Making a more read/annotate/write web is near and dear to my heart. There's a lot I find admirable - noble about pages like Hyperclay!

But also, it's a distinctly different answer for each page to build its own toolkit for the user (Hyperclay) vs TBL's read-write web. The user-agent ought, imo, afford standard tools that are going to work across web pages, that extend the user agency whatever site they are visiting.

Yes, I agree. My dream would be to one day work on a browser and integrate Hyperclay into it. I believe web apps have been around long enough as a core web technology that browsers should ship with a local web host, knowledge of what a user and user account is, and the ability to persist to disk whatever the user chooses.

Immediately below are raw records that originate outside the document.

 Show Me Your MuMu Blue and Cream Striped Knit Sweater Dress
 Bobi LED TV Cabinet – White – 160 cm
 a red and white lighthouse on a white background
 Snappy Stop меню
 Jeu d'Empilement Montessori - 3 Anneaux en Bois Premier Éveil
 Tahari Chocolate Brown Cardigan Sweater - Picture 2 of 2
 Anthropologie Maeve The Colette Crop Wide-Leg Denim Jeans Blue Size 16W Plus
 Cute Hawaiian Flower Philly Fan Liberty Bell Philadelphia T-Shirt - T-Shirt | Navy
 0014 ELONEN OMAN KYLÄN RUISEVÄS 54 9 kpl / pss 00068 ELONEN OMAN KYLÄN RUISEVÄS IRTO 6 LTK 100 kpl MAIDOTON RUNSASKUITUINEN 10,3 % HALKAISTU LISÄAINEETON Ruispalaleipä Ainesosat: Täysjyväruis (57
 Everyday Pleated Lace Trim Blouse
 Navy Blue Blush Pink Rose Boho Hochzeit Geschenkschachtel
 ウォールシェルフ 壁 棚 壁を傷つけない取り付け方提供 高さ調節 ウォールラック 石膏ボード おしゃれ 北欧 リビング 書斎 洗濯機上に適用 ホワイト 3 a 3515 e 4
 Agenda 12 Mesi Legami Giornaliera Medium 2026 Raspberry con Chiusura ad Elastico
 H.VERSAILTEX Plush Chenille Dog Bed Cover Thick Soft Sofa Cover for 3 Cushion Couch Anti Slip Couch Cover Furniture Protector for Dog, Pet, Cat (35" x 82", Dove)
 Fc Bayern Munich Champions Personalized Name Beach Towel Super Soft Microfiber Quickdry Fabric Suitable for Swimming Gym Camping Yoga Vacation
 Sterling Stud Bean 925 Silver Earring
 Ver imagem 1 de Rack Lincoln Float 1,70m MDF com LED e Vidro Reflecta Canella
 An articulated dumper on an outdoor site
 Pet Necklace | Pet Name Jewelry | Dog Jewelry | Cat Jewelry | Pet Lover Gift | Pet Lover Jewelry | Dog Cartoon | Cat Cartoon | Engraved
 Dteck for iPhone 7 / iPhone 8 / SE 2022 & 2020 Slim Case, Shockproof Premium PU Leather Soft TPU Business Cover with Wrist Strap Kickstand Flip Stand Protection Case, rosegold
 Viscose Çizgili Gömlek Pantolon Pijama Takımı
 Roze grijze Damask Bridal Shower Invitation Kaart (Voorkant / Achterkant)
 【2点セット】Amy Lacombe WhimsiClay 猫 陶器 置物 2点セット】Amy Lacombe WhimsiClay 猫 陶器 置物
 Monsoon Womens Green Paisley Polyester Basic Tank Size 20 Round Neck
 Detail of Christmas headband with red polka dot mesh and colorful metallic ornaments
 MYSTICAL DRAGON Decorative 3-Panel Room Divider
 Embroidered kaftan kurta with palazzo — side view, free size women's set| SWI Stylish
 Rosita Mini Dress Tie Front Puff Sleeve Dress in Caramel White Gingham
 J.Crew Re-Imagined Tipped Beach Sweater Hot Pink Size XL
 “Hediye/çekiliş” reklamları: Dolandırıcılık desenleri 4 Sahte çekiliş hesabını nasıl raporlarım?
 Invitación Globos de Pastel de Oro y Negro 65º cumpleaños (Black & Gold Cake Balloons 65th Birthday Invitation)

In a similar vein, it looks like there is a working group for linked web storage at:

https://www.w3.org/groups/wg/lws/

That would likely have some overlap.

If you were to have an accepted w3c proposal and working implementation in local browser forks, you could potentially chat with the browser teams to add the experimental feature first through a flag users would manually have to turn on, and then later potentially it could get integrated.

> Making a more read/annotate/write web is near and dear to my heart

Isn't that basically Wikipedia? I can't imagine a much simpler system that could work at modern web scale.

I think the scale difference is the whole point. Wikipedia has billions of active users, while these Hyperclay-style persistent documents have only a few.

Saying "we don't need this because Wikipedia already solved it" is kind of like saying in 1976: "Nobody needs the Apple II, we already have IBM mainframes that have solved every useful problem in computing much better."